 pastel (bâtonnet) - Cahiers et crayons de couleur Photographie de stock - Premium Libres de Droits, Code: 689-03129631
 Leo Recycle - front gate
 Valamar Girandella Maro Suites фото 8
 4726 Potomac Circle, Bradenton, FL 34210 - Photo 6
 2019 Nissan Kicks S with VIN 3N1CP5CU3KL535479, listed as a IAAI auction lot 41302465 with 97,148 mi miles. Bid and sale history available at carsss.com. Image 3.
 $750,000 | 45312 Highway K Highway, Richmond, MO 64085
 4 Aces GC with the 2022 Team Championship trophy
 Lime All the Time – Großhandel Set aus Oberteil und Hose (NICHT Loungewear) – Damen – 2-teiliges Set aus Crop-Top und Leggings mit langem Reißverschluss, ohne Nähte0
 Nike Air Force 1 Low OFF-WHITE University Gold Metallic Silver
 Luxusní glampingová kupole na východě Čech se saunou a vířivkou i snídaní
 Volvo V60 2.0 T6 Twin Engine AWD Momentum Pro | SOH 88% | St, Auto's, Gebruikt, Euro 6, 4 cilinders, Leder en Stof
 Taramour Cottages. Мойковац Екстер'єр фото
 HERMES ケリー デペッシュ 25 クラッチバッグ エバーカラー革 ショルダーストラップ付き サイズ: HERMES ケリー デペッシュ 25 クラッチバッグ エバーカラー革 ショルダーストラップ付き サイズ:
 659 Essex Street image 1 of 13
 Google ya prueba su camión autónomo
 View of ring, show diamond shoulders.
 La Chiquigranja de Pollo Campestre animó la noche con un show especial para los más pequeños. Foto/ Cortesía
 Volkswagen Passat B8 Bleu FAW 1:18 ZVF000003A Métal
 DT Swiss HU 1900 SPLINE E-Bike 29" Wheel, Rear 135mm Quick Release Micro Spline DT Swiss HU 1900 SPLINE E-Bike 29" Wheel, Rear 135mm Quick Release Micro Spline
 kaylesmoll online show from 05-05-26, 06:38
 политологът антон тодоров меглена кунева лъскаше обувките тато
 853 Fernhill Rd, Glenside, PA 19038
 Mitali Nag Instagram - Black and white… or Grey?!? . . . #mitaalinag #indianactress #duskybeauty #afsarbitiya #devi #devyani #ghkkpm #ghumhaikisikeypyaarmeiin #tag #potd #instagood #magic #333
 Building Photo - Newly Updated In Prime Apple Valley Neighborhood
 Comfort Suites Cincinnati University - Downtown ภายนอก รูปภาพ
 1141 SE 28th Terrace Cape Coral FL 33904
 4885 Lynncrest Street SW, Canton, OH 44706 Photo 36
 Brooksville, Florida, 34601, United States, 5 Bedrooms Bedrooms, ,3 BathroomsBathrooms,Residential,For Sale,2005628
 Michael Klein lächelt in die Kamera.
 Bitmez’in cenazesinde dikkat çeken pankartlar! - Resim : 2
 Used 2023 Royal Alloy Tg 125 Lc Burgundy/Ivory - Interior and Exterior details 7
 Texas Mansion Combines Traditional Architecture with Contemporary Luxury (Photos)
◇ ◇ ◇ ◇ ◇
**WORK TO BE COMPLETED**
Referring to the material above, set down exactly the lines between the line with "Valamar Girandella Maro Suites фото 8" and the line with "La Chiquigranja de", inclusive, and no other lines.

**RESPONSE**
 Valamar Girandella Maro Suites фото 8
 4726 Potomac Circle, Bradenton, FL 34210 - Photo 6
 2019 Nissan Kicks S with VIN 3N1CP5CU3KL535479, listed as a IAAI auction lot 41302465 with 97,148 mi miles. Bid and sale history available at carsss.com. Image 3.
 $750,000 | 45312 Highway K Highway, Richmond, MO 64085
 4 Aces GC with the 2022 Team Championship trophy
 Lime All the Time – Großhandel Set aus Oberteil und Hose (NICHT Loungewear) – Damen – 2-teiliges Set aus Crop-Top und Leggings mit langem Reißverschluss, ohne Nähte0
 Nike Air Force 1 Low OFF-WHITE University Gold Metallic Silver
 Luxusní glampingová kupole na východě Čech se saunou a vířivkou i snídaní
 Volvo V60 2.0 T6 Twin Engine AWD Momentum Pro | SOH 88% | St, Auto's, Gebruikt, Euro 6, 4 cilinders, Leder en Stof
 Taramour Cottages. Мойковац Екстер'єр фото
 HERMES ケリー デペッシュ 25 クラッチバッグ エバーカラー革 ショルダーストラップ付き サイズ: HERMES ケリー デペッシュ 25 クラッチバッグ エバーカラー革 ショルダーストラップ付き サイズ:
 659 Essex Street image 1 of 13
 Google ya prueba su camión autónomo
 View of ring, show diamond shoulders.
 La Chiquigranja de Pollo Campestre animó la noche con un show especial para los más pequeños. Foto/ Cortesía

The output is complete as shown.